Systemic climate risk is ‘undiversifiable, largely unhedgeable’ – and emerging right now
One of the biggest risks facing institutional owners today is climate change, with 72 per cent of respondents to the Thinking Ahead Institute’s global asset owner peer study report citing it as one area from which systemic risk might emerge.
But most carbon budgets – which measure how much carbon dioxide is produced by economic sectors to calculate how much those emissions must be cut in the future – are based on a smooth transition to net zero. Those carbon budgets are uncertain, and likely skew lower than what’s embedded in mainstream scenarios, which means the transition will have to be “more transformational, and more disruptive” in order to keep temperatures lower.
“Transition and physical risks are likely to coincide,” Jeffrey Chee, WTW global head of portfolio strategy, told an event in Sydney last week. “The conventional wisdom is that the more transition you do the less physical risk you incur and so they’re assumed to be negatively related.

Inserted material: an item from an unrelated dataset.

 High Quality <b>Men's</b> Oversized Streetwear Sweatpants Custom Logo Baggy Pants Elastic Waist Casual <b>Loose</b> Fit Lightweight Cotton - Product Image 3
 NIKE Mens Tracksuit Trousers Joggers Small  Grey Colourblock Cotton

In practice, we expect transition and physical risks to both be material, and investors need to think about them together rather than assuming they’re negatively correlated.”

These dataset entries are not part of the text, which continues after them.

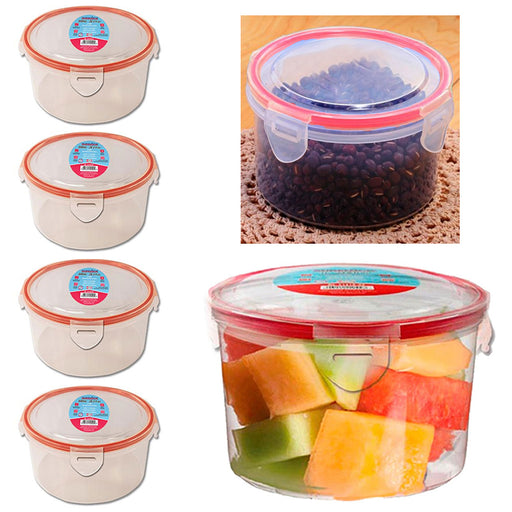 2 Pc Mini Lockable Snack Container Lunch Food Knick Knack Bead Organizer  Storage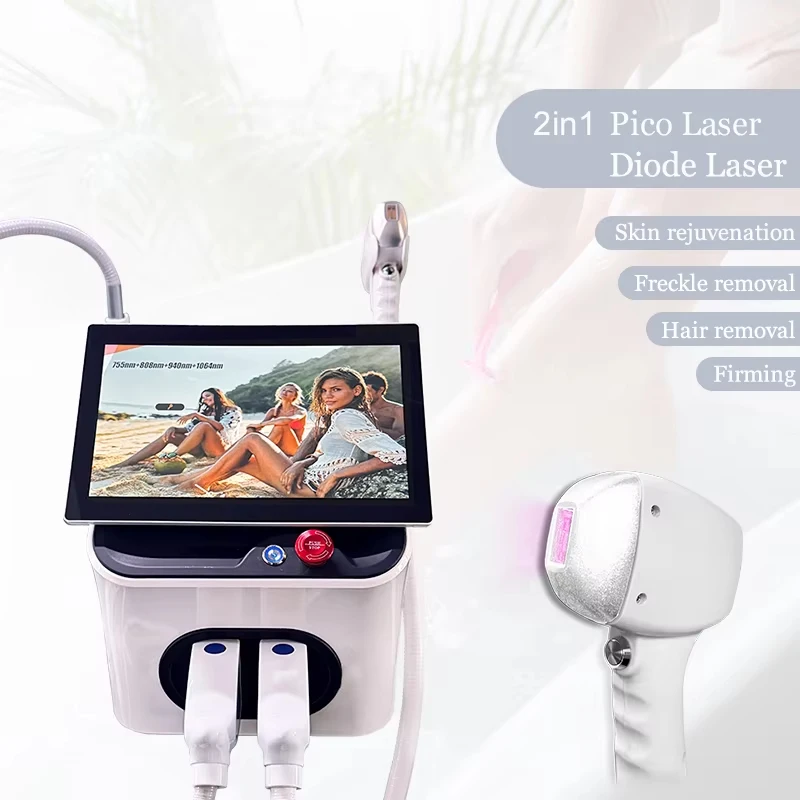 808 Diodenlaser Haarentfernungsgerät 4-Wellen Schmerzfreie Dauerhafte Tragbare 4000W Vorrichtung Soprano Titanium Image
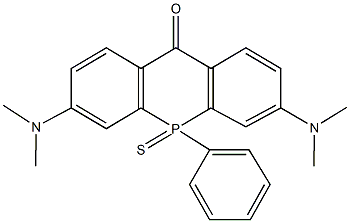 3,7-bis(dimethylamino)-5-phenyl-10(5H)-acridophosphinone 5-sulfide Struktur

Beyond a certain level of future temperature increase, we arrive at “significant economic damages” from physical climate risk, which causes system-wide asset losses. And the reality that carbon budgets might actually be zero – or close to it – combined with climate tipping points, means that a wide range of portfolios are exposed to systemic climate risk.

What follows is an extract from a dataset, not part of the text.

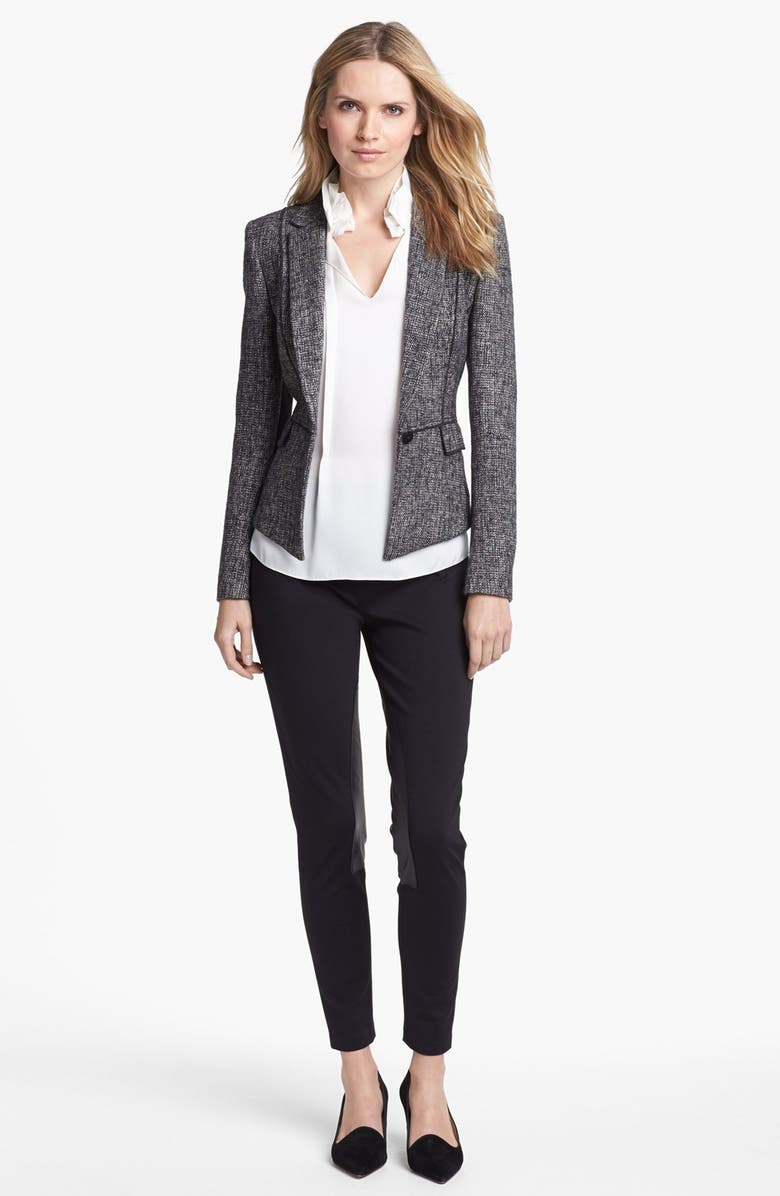Elie Tahari 'Minka' Metallic Tweed Jacket, Alternate, color,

“(There’s) a need to incorporate systemic risk into investment thinking to a greater degree than has been the case in the past… Systemic risks are pervasive, impacting all things in all places, meaning they’re likely undiversifiable, largely unhedgeable, and conventional risk management and asset allocation techniques are difficult to apply,” Chee said.
“They tend to emerge as the result of an accumulation of pressures in the background and manifest through trigger events, like crossing a climate tipping point, and when they do occur the distribution of outcomes tends to be negatively skewed with limited upside and potentially very significant downside.”
Limited upside, significant downside and the difficulty of using traditional asset allocation approaches means the best approach – though perhaps not the most feasible one – is to take action to reduce the likelihood of those bad systemic scenarios occurring.
“But a more advanced way to think about it is, if you think about systemic risks occurring because of the accumulation of pressures in the background, (you can) develop dashboard indicators of – in real time – what is occurring in the background,” Chee said. “Where are those pressures evolving, and what is the likelihood of these scenarios changing over time as these indicators evolve? That gives you an opportunity to think about strategic adaptation of portfolios in response to those changing probabilities.”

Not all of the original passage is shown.